Acting Chief Financial Officer Owen Barwell took the problem to Tseronis and within a few weeks, the CTO’s office had worked with the search vendor Reperio Concepts to retrofit an enterprise Google search tool the department already was using to index and sort through emails, attachments, Word documents and PDFs. That drastically cut down Energy’s workload, Tseronis said.

Now that the enterprise search tool is built, officials can use it elsewhere in the department, either for legal discovery or records management, and the process will be useful background knowledge if Energy builds or buys a new records management system.

Crisis is often the mother of invention, especially when funds are short. “The neat thing behind the scenes is it caused us to take a look at a process and say that needs to be improved because now we’re a bit under the gun and we have to make this more efficient,” he says.


Joseph Marks

That Was Quick

The Air Force Special Operations Command canceled its planned acquisition of Apple iPad tablet computers in February, two days after receiving a query from Nextgov about the inclusion of Russian-developed encryption and documents reader software specified in procurement documents.
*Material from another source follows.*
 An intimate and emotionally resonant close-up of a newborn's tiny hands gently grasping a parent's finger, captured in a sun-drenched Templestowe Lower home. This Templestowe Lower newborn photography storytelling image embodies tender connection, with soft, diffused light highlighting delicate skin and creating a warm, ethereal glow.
The command didn’t provide any explanation for the move. Officials originally planned to acquire 2,861 iPad 2 tablet computers to serve as electronic flight bags, storing digital versions of paper navigation charts and technical manuals. The procurement specified the use of GoodReader software, developed in Russia, to meet security requirements.

Bernie Skoch, a defense industry consultant and a retired Air Force brigadier general with extensive security experience, says with mission-critical applications every line of source code must be examined for malicious code. It does not take much imagination “to conjure the catastrophic consequences” that could result from malicious code in an electronic flight bag, he adds.

Bob Brewin

Exit Plan 

The Homeland Security Department plans to scrap a second attempt at a failed $1 billion virtual fence if officials are unable to find suitable technologies already on the market. The initiative involves deploying camera-studded towers along the U.S.-Mexico border capable of flagging illegal activity under the harsh conditions that foiled the project’s predecessor, the Secure Border Initiative network.

The department notified contractors in February that DHS does NOT—in all caps—want unproven technologies. “First and foremost, CBP is NOT interested in any kind of a system development,” the notice said. “CBP will cancel the solicitation rather than procure an ineffective or high-risk offering.”